▸ Work required: Reproduce the entries verbatim; no pictures.

=====

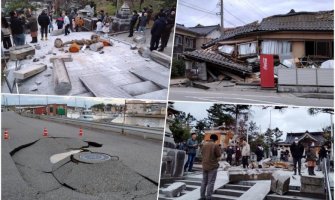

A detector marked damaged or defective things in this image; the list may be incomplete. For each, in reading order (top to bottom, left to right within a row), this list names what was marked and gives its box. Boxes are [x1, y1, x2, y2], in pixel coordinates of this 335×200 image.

broken concrete slab [152, 50, 172, 68]
broken timber [152, 50, 172, 68]
broken concrete slab [13, 63, 47, 80]
broken timber [13, 63, 47, 80]
broken timber [50, 54, 73, 94]
broken concrete slab [51, 57, 73, 94]
broken concrete slab [79, 74, 132, 98]
broken timber [79, 74, 133, 98]
broken concrete slab [121, 80, 161, 96]
broken concrete slab [131, 67, 169, 88]
broken timber [131, 67, 169, 88]
cracked road surface [1, 111, 161, 199]
large crack in asphalt [8, 137, 158, 199]
broken concrete slab [160, 182, 186, 198]
broken concrete slab [272, 170, 290, 195]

=====

▸ Solution to the exercise:
A detector marked damaged or defective things in this image; the list may be incomplete. For each, in reading order (top to bottom, left to right within a row), this list names what was marked and gives its box. Boxes are [x1, y1, x2, y2], in pixel coordinates of this 335×200 image.

broken concrete slab [152, 50, 172, 68]
broken timber [152, 50, 172, 68]
broken concrete slab [13, 63, 47, 80]
broken timber [13, 63, 47, 80]
broken timber [50, 54, 73, 94]
broken concrete slab [51, 57, 73, 94]
broken concrete slab [79, 74, 132, 98]
broken timber [79, 74, 133, 98]
broken concrete slab [121, 80, 161, 96]
broken concrete slab [131, 67, 169, 88]
broken timber [131, 67, 169, 88]
cracked road surface [1, 111, 161, 199]
large crack in asphalt [8, 137, 158, 199]
broken concrete slab [160, 182, 186, 198]
broken concrete slab [272, 170, 290, 195]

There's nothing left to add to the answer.